Glucose monitoring and insulin infusion devices have come a long way since they were first introduced. The devices have earned the name “artificial pancreas” because they now do what the endocrine pancreas does, sense glucose levels and provide insulin (future models may also provide glucagon) when a person needs it. When properly programmed, insulin pumps and insulin pods can eliminate the need for insulin shots, provide better glucose control than most people can achieve with insulin shots, and may guard against low blood sugar. People can eat and exercise as they please because the devices can adjust insulin infusion to circulating glucose levels. 

To make glucose and insulin management more convenient, some devices are combined with glucose monitors or continuous glucose monitoring.  The DANA Diabecare IISG insulin pump and Insulet Omnipod device have integrated glucose meters. Animas Ping operates in a similar way, though the pump and glucose meter can function independently. The Animas Vibe integrates the Dexcom G4 Continuous Glucose Monitor with an insulin pump, and the Medtronic Diabetes Minimed Paradigm pumps wirelessly communicate information between pump and glucose meter or Continuous Glucose Monitor.  The MiniMed 670G operates on a closed-loop system, acting as nearly a true “artificial pancreas.”

Now, the drawbacks of insulin pumps and insulin pods

First, the devices are expensive. While insulin itself is certainly not cheap, the devices and ongoing costs for service and supplies can add up. The devices can be difficult to program and difficult to use without training and practice.

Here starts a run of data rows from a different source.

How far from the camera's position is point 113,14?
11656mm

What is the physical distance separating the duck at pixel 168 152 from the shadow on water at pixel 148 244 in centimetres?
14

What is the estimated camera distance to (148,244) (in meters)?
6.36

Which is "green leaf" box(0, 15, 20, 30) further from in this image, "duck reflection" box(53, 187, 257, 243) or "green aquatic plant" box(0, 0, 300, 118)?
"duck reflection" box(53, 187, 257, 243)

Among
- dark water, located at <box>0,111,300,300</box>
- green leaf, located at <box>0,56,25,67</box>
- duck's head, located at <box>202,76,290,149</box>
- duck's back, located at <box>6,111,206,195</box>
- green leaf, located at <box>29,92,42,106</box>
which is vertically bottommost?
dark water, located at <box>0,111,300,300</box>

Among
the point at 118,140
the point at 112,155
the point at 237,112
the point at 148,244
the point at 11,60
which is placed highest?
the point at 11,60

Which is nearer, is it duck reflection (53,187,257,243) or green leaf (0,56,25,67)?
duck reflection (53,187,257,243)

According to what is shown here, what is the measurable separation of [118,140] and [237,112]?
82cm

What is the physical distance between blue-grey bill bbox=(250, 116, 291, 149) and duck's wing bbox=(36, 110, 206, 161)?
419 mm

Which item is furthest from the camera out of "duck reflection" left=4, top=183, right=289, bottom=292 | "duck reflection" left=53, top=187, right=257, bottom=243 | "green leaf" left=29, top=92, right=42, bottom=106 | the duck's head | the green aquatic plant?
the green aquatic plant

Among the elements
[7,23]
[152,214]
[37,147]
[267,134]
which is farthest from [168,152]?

Many people with diabetes find the devices cumbersome, heavy, and uncomfortable. While it may be an “artificial pancreas,” it is an organ that you now wear on the outside of your body virtually all the time. This means wearing it in the shower, while exercising, when you are trying to sleep, and on occasions where you don’t want a visible reminder of your diabetes. 

While you no longer have to inject insulin, the devices still infuse insulin through a needle or a cannula. The needle, while a rather painless one, usually, is still another needle. If the device has a cannula, the number of breaks in the skin are fewer, but the tube can become kinked or dislodged. While you can avoid traditional needle injections, most people still check their blood glucose by fingerstick a few times a day, just to make sure the insulin pump and insulin pod is working properly.

Lastly, these devices stick to your body by adhesive. Patients often develop allergy-like skin reactions to the adhesives in insulin pumps and insulin pods. In fact, some people stop using the devices because the skin reaction is intolerable.

Ways to deal with skin reactions to adhesive in insulin pods and insulin pumps

A quick look through diabetes patient forums reveals countless posts about skin reactions to the adhesive in insulin pods and insulin pumps. Certainly, people with latex allergy have immediate difficulty with some devices, but even people who have never struggled with allergy can develop one over time. The reactions can be severe; people who have used insulin pumps without problem for over a decade have found themselves needing to go back to shots because the adhesive allergy is so terrible.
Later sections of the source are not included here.